Prognosis following treatment is generally very good for a lip carcinoma. The five-year survival rate is approximately 80%, although the cancers that involve the commissure are lower, between 34% and 50%.1 Treatment failure usually results in a local recurrence rather than a distant metastasis. Following treatment for a lip cancer, a patient has a 20% chance of being diagnosed with a second cancer (metachronous) of the lip at a later date.1

My treatment shown in Figures 3-5 is of a T1N0M0 squamous cell carcinoma of the right lower lip. Preoperative workup using a PET CT showed no distant metastasis. The decision, based on the location, size, and stage, was to treat the lesion via surgical resection using a “shield”-type excision with primary closure. The lesion and associated margins taken encompassed no more than one-third of the lower lip; therefore, microstomia was unlikely following primary closure.

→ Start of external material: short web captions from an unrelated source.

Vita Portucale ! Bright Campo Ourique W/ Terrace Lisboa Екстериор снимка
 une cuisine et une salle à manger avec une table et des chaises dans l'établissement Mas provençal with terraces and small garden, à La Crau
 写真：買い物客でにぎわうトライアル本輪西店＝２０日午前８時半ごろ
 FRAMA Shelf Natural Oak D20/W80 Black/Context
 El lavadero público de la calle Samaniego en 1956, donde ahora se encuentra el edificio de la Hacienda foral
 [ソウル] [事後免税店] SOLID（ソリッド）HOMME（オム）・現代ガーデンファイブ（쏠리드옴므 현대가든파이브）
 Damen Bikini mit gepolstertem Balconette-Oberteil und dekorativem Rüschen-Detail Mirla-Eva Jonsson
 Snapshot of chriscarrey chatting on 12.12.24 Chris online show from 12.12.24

Postsurgical histopathology showed no perineural or muscular invasion, negative margins, and a tumor thickness of only 3 mm. No adjuvant treatment was warranted.


  1. Miloro M, Ghali G, Larsen P, Waite P. Peterson’s Principles of Oral and Maxillofacial Surgery. 1st ed. BC Decker; 2004:659-667.
  2. Damm N, Bouquot A.Oral and Maxillofacial Pathology.2nd ed. WB Saunders; 2002:356-361.